The entire listing below must be written out word for word.

(RECORDS FOR THIS TASK)

------------------------------------------------------------------------

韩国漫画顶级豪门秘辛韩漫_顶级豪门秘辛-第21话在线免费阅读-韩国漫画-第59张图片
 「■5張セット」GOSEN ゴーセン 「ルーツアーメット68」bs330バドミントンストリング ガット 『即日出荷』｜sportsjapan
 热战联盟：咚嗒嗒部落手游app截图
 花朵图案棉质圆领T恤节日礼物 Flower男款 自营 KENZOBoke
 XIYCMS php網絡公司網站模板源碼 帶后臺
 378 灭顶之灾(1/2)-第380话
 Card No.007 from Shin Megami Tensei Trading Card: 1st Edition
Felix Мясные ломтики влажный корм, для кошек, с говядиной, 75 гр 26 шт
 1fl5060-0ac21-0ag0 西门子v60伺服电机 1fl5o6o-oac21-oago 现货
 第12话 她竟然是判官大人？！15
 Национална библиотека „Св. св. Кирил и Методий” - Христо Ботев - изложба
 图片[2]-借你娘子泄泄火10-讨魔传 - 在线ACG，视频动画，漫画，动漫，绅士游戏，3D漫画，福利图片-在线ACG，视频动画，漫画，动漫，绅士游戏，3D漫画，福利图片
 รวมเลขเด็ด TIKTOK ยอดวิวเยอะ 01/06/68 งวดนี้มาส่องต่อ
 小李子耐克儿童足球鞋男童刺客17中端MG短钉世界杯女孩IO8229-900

------------------------------------------------------------------------

(RESULT FOR THIS TASK)
韩国漫画顶级豪门秘辛韩漫_顶级豪门秘辛-第21话在线免费阅读-韩国漫画-第59张图片
 「■5張セット」GOSEN ゴーセン 「ルーツアーメット68」bs330バドミントンストリング ガット 『即日出荷』｜sportsjapan
 热战联盟：咚嗒嗒部落手游app截图
 花朵图案棉质圆领T恤节日礼物 Flower男款 自营 KENZOBoke
 XIYCMS php網絡公司網站模板源碼 帶后臺
 378 灭顶之灾(1/2)-第380话
 Card No.007 from Shin Megami Tensei Trading Card: 1st Edition
Felix Мясные ломтики влажный корм, для кошек, с говядиной, 75 гр 26 шт
 1fl5060-0ac21-0ag0 西门子v60伺服电机 1fl5o6o-oac21-oago 现货
 第12话 她竟然是判官大人？！15
 Национална библиотека „Св. св. Кирил и Методий” - Христо Ботев - изложба
 图片[2]-借你娘子泄泄火10-讨魔传 - 在线ACG，视频动画，漫画，动漫，绅士游戏，3D漫画，福利图片-在线ACG，视频动画，漫画，动漫，绅士游戏，3D漫画，福利图片
 รวมเลขเด็ด TIKTOK ยอดวิวเยอะ 01/06/68 งวดนี้มาส่องต่อ
 小李子耐克儿童足球鞋男童刺客17中端MG短钉世界杯女孩IO8229-900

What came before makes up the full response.